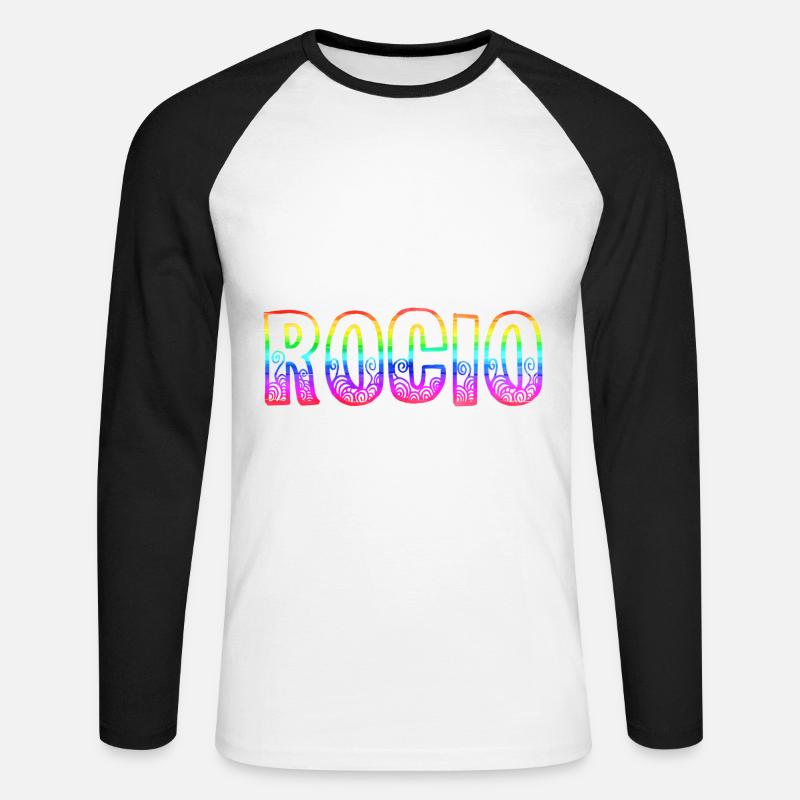 rocio rs regenbogen - Unisex Baseballshirt langarm - Weiß/Schwarz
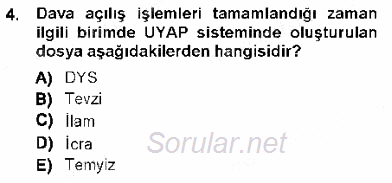 Ulusal Yargı Ağı Projesi 1 2012 - 2013 Ara Sınavı 4.Soru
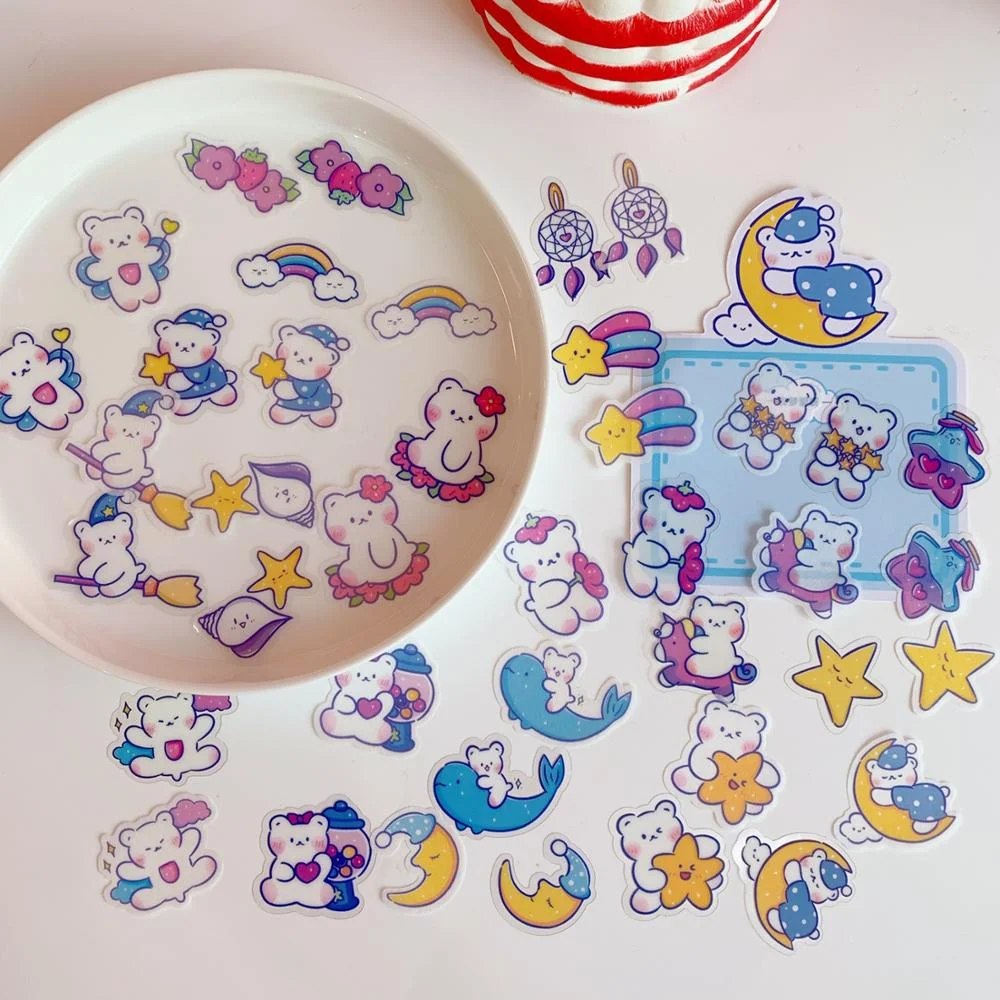 W&G Korean Kawaii Cute Bear Series Stickers Hand Account Diy Decoration Scrapbooking Paper Creative Wall Sticker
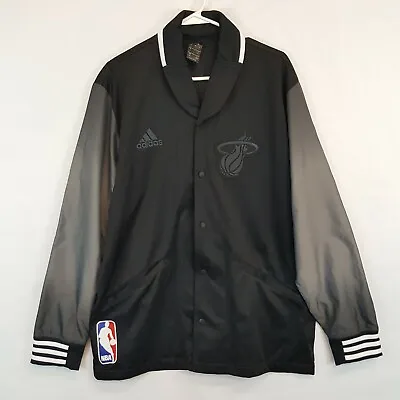  Adidas Miami Heat Logo Court Side Warm Up Jacket Mens Sz Large L NBA Rare • $49.95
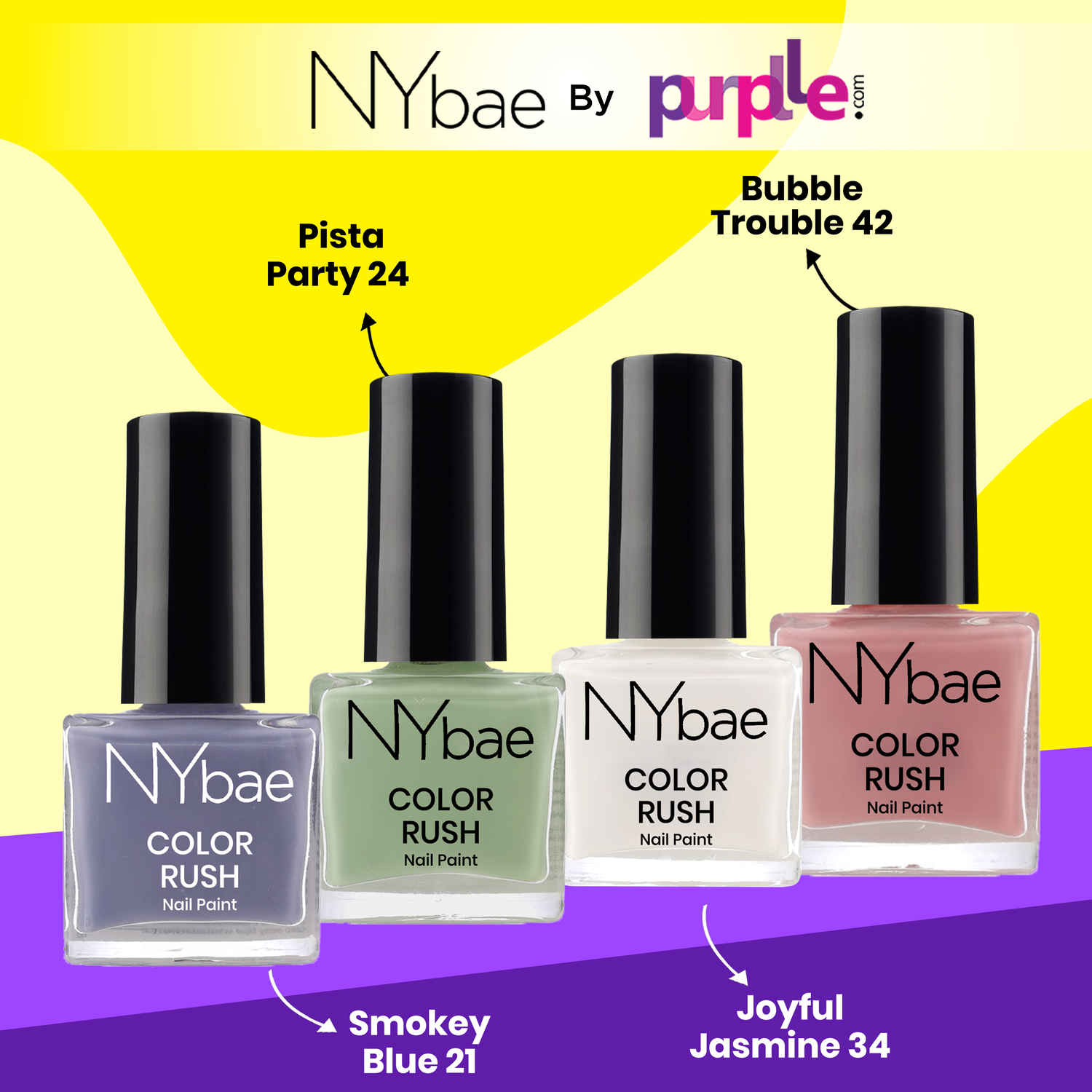 Buy NY Bae Color Rush Nail Paint Set - Pretty Pastels 08| Chip Resistant | Long Lasting | Quick Dry | Glossy Gel Nail Polish (36 ml) - Purplle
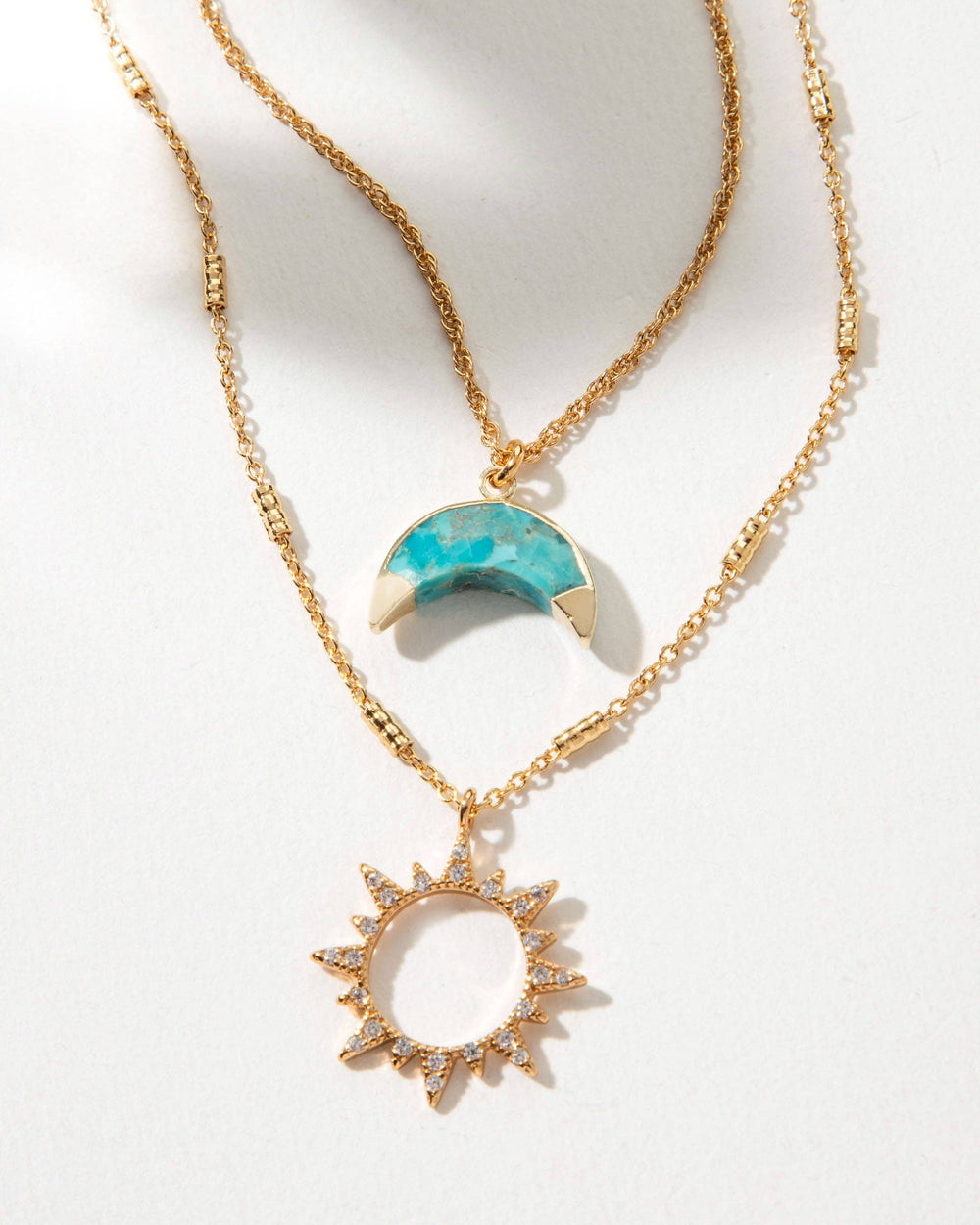 Gold Sun & Turquoise Moon Necklace Set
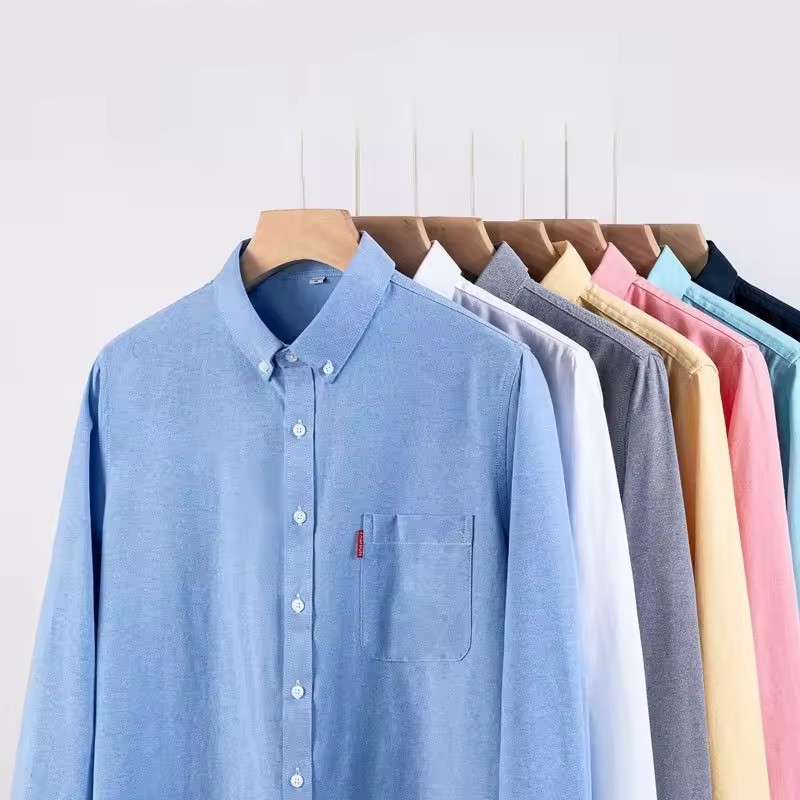 100% القطن الخالص الرجال قميص  - مراجعة Oxford Cotton Casual Shirt Business وسعره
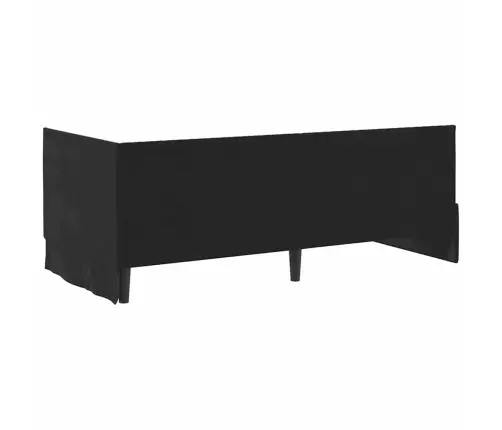 Stūra Gultas Rāmis Ar Galvas Klāju Melna 90 X 190 Cm Samts Vidaxl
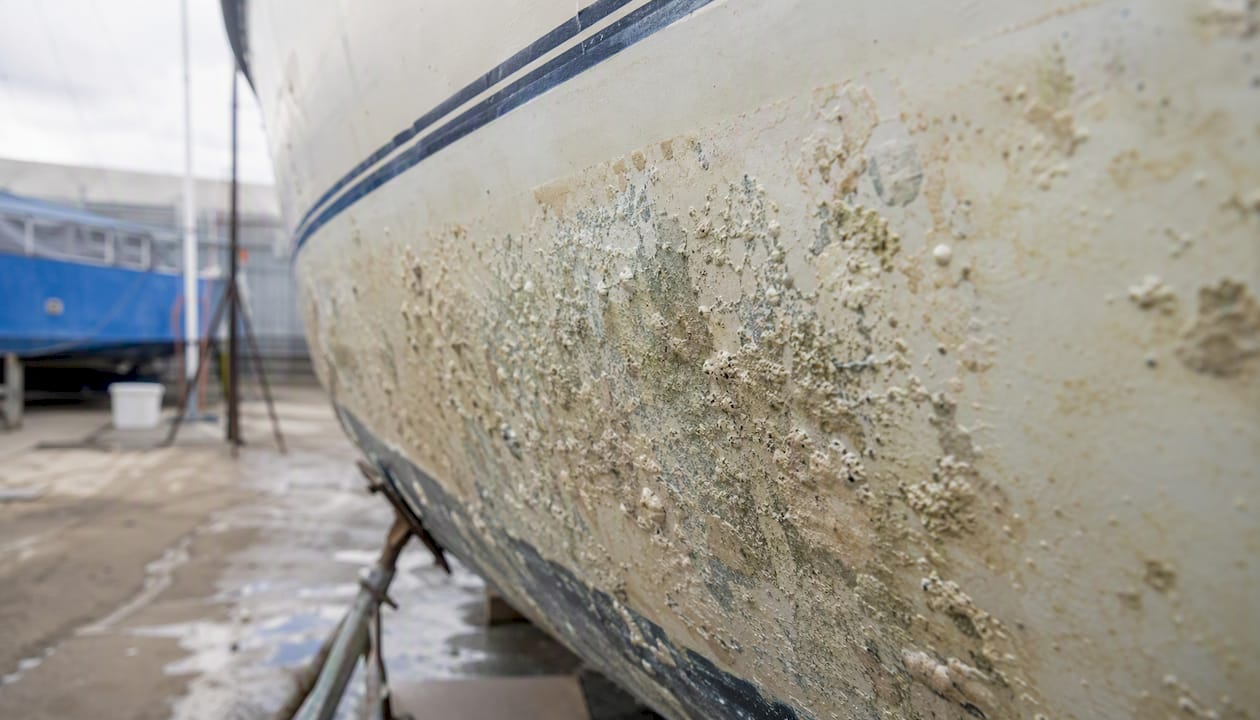 Corrosion and blistering on yacht hull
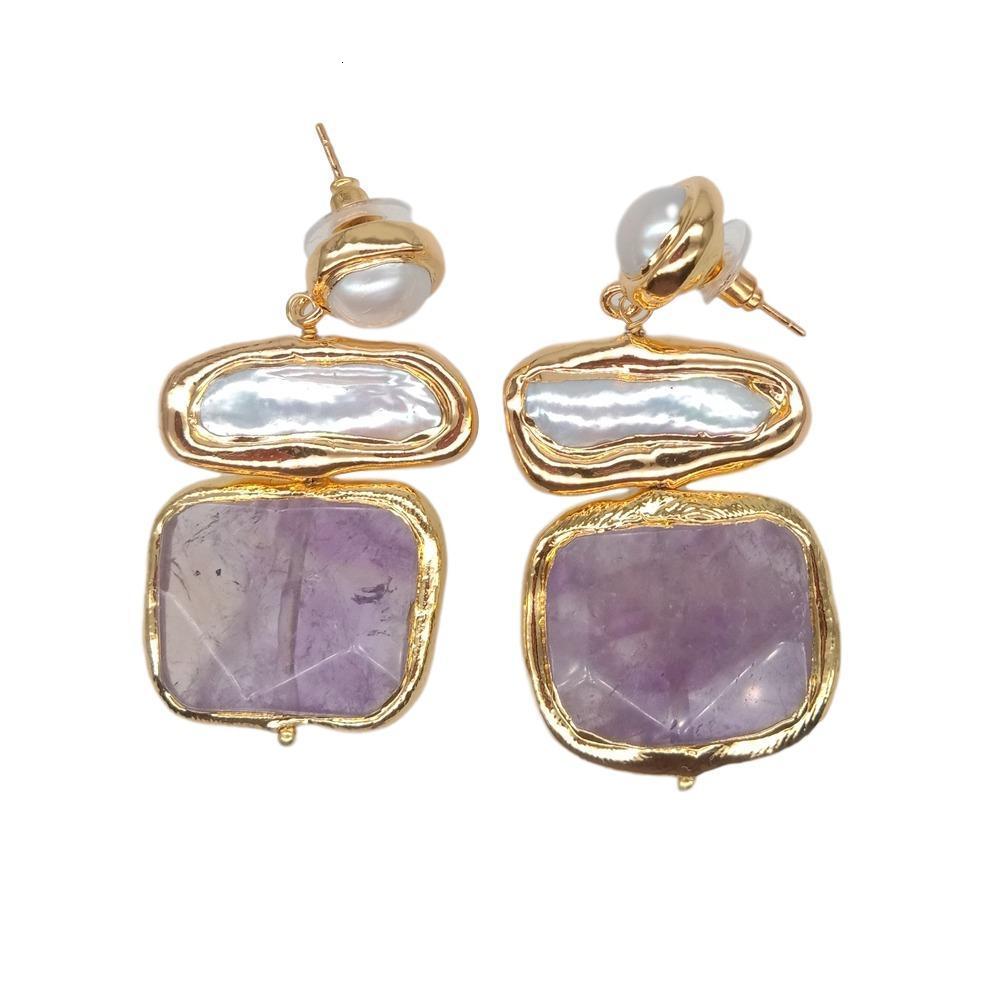 Stud YYGEM 22x26mm Amethyst Faceted Square Freshwater White Biwa Pearl Earrings 230804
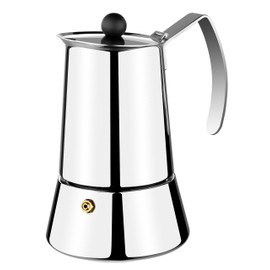 MONIX Eterna | Italienische Kaffeemaschine für 6 Tassen, geeignet für alle Küchentypen, Edelstahl, Grau, 10 cm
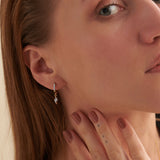Thunder Dangler Hoops, 14K Solid Gold, 1/8 ct Lab Grown Diamond-2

★ ★ ★ ★ ★

THE TASK: Output all the entries exactly, minus any pictures.

EXERCISE RESULT:
 rocio rs regenbogen - Unisex Baseballshirt langarm - Weiß/Schwarz
 Ulusal Yargı Ağı Projesi 1 2012 - 2013 Ara Sınavı 4.Soru
 W&G Korean Kawaii Cute Bear Series Stickers Hand Account Diy Decoration Scrapbooking Paper Creative Wall Sticker
  Adidas Miami Heat Logo Court Side Warm Up Jacket Mens Sz Large L NBA Rare • $49.95
 Buy NY Bae Color Rush Nail Paint Set - Pretty Pastels 08| Chip Resistant | Long Lasting | Quick Dry | Glossy Gel Nail Polish (36 ml) - Purplle
 Gold Sun & Turquoise Moon Necklace Set
 100% القطن الخالص الرجال قميص  - مراجعة Oxford Cotton Casual Shirt Business وسعره
 Stūra Gultas Rāmis Ar Galvas Klāju Melna 90 X 190 Cm Samts Vidaxl
 Corrosion and blistering on yacht hull
 Stud YYGEM 22x26mm Amethyst Faceted Square Freshwater White Biwa Pearl Earrings 230804
 MONIX Eterna | Italienische Kaffeemaschine für 6 Tassen, geeignet für alle Küchentypen, Edelstahl, Grau, 10 cm
Thunder Dangler Hoops, 14K Solid Gold, 1/8 ct Lab Grown Diamond-2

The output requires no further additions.